If you take a stroll through the Discovery Garden in the winter, native perennial stalks and seed heads are hard to miss. Designed as an array of immersive habitats, the Discovery Garden is meant to be a home for birds and other animals, explains Jenny Blackwell, curator of the Discovery Garden. As the weather cools, the meadow habitat becomes architectural and punctuated with fluff; missing chunks of seeds and grasses offer a signal that birds have been snacking.
“A lot of people like a more manicured approach,” says Blackwell. “But to me, this is so much more interesting.”
Lenihan recommends waiting to cut back perennials until you see pollinators flying around and temperatures are consistently around 50 degrees Fahrenheit (in the Northeast, that’s around March or April).
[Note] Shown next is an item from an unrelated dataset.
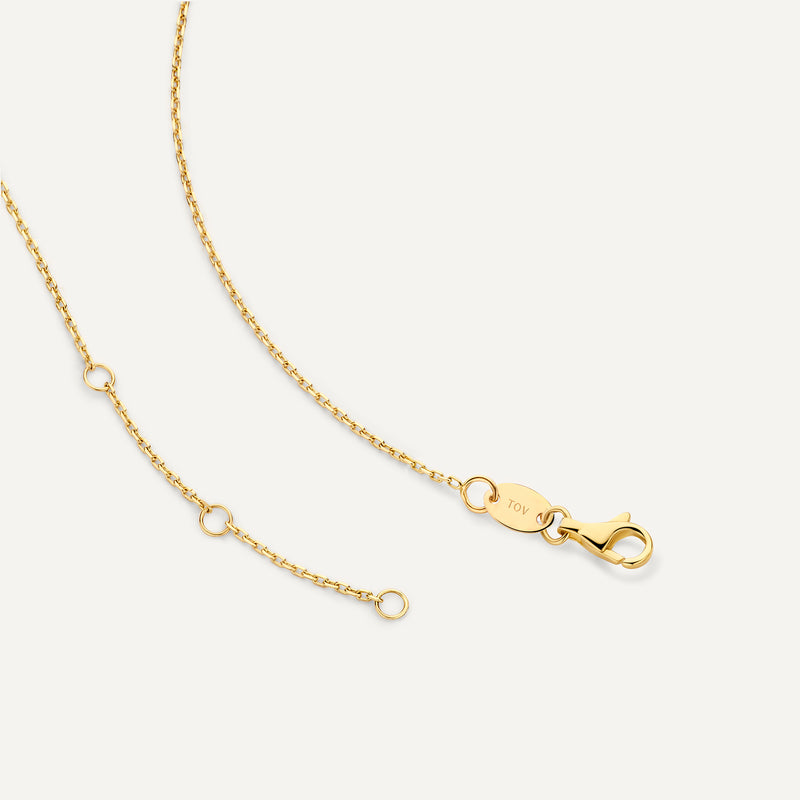 Pavé Zirkonia Hart Pendant Ketting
Some stems, like those in the family Asteraceae, become even wider and more hospitable for insects if you’re able to leave them intact for multiple winters in a row.
As you plan next year’s plantings, consider including some native perennials that you can leave up throughout the winter. (And be sure to purchase plants or seeds that were not treated with pesticides.)
Below are some Brooklyn Botanic Garden staff favorites:
Aster (Symphyotrichum sp.)
Nuthatches, towhees, goldfinches, cardinals, and chickadees all feed on the seeds of aster species throughout the winter, says Lenihan. Their stems can host stem-nesting bees, and the caterpillars of the pearl crescent butterfly overwinter at the base of the smooth aster (Symphyotrichum laeve).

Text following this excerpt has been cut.